Windows - a journey without roadmaps...

Microsoft should level with us, soon, on whether or not it intends to ship an interim 'XP Reloaded' version of Windows, and if it is getting the green light, it should discuss the timeline and feature sets immediately, says Garter. The research outfit's recently-issued 'First Take' is actually directed at giving upgrade advice for customers still using Windows 2000, and confused by the Reloaded story, but it contains quite a few grisly reminders about the things Microsoft ought to do, but doesn't.

For example, Microsoft was saying in 2001 that it intended to release Longhorn in the second half of 2004. As we've seen since then, the Longhorn date has slipped spectacularly, and Gartner's view that we're not going to see it before 2007 seems all too plausible. At the same time, Microsoft intends to stop selling Windows 2000 through the channel at the end of this month.

If you ask Microsoft when Longhorn is going to ship, Microsoft will tell you it will ship when it's done. And if you listen to Microsoft executives' presentations over a year or two, you'll note that the 12-18 month window in which the company thinks Longhorn might ship moves progressively. So, we have a period of indeterminate length from the demise of Win2k until the arrival of Longhorn, into which - the company indicated in just the last few days - something which might be a retreaded version of XP, might be a marketing campaign or might be a mix of the two is likely to be slipped.

You can see how this kind of thing causes a certain amount of angst among Microsoft's treasured corporate customers. Many of them are still using Windows 2000, for perfectly rational reasons. XP wasn't a massive leap over Win2k, but has sufficient differences to add support costs, so why shift? And if Longhorn were still on target for H2 2004 (not of course that anybody sensible ever believed that one) they'd now be sitting fairly pretty.

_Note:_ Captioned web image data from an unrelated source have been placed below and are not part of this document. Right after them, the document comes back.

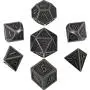 Polyhedral Metal Dices Set Zinc Alloy with Enamel Solid Metal for DND Game, Tabletop RPG, Dungeons and Dragons, Math Teaching, 7 Pieces Dice Set with Black Velvet Bag (New Silver Nickel)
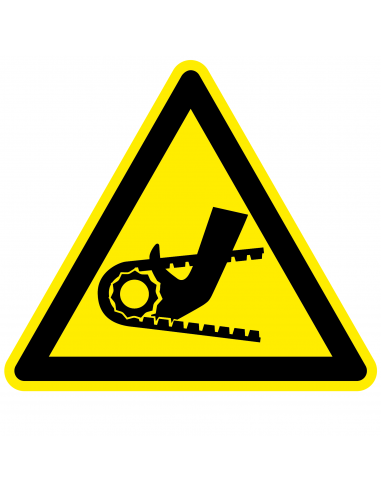 Waarschuwingsbord hand tussen ketting, geel zwart, hand tussen ketting symbool, driehoek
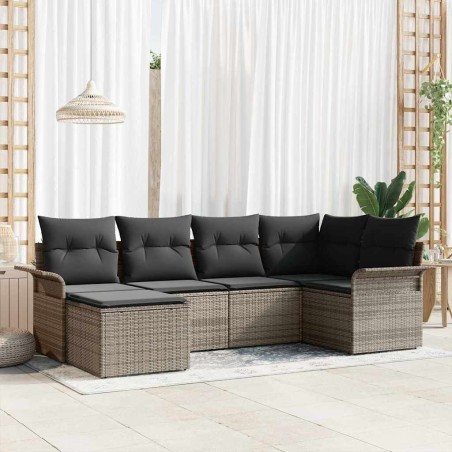 vidaXL Set di divani da giardino a 6 pezzi con cuscini grigi in rattan sintetico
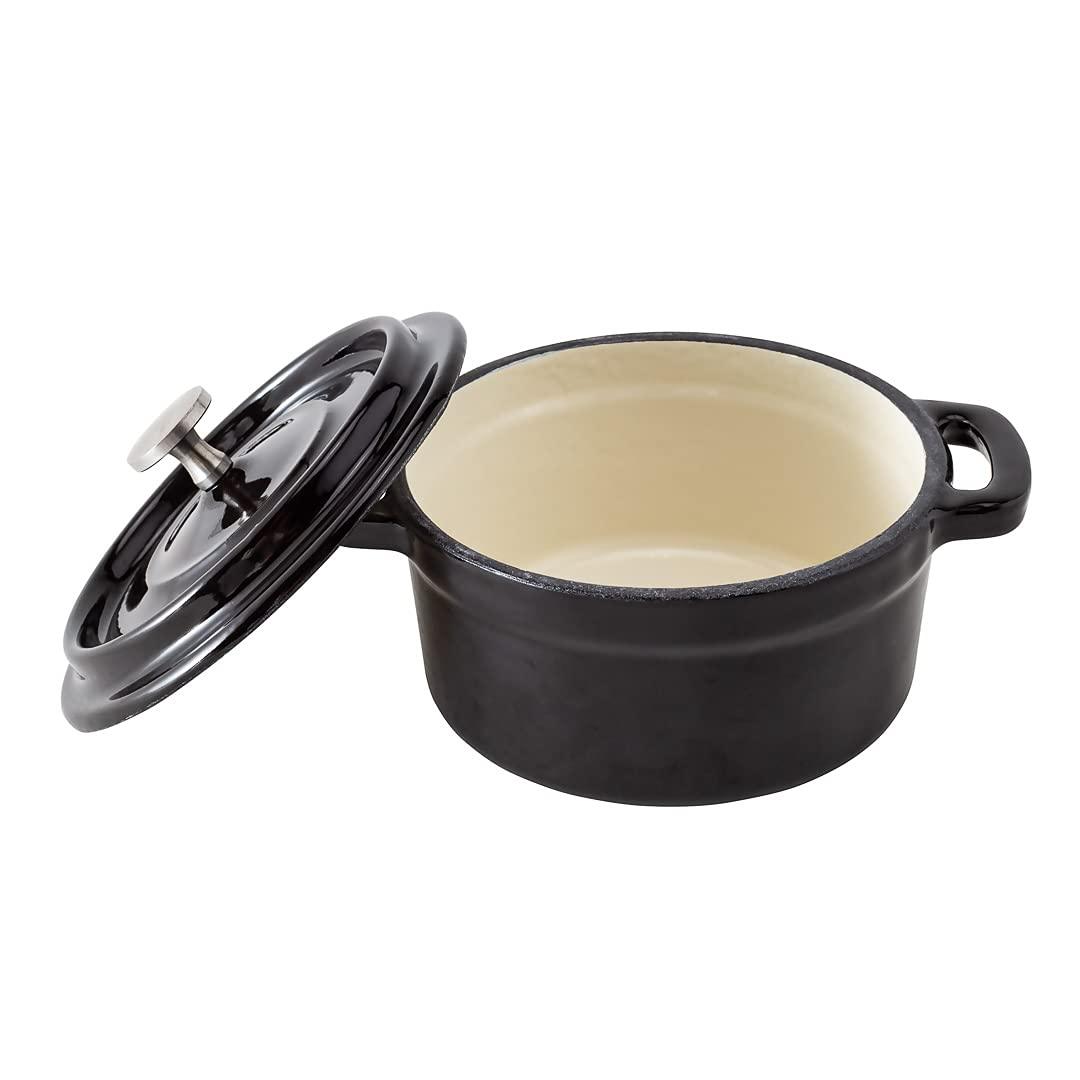 Restaurantware 8 Ounce Mini Casserole Dish, 1 Mini Dutch Oven With Lid - Enameled, Round, Black Cast Iron Mini Cocotte, Heavy-Duty, For Baking, Braising, or Roasting - CookCave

Not only does Microsoft seldom issue accurate roadmaps - the company has a history of producing new versions more or less out of the blue, and then finding itself moving the expiry dates around on the lifecycle charts a couple of years later. Quite often this happens just days before a product's previously scheduled expiry, which is really not a whole bunch of help to anyone.

The pity here is that it's almost certainly not the case that Microsoft secretly knows when it's going to ship things and when it's going to kill them. On the contrary, the company is probably telling us more or less what it knows, when it knows it, and if Reloaded really turns out to be a product rather than a marketing programme, then it's probably one that's just popped into somebody in Redmond's head. Or that some maniac in Redmond has just finally managed to sell to the High Command.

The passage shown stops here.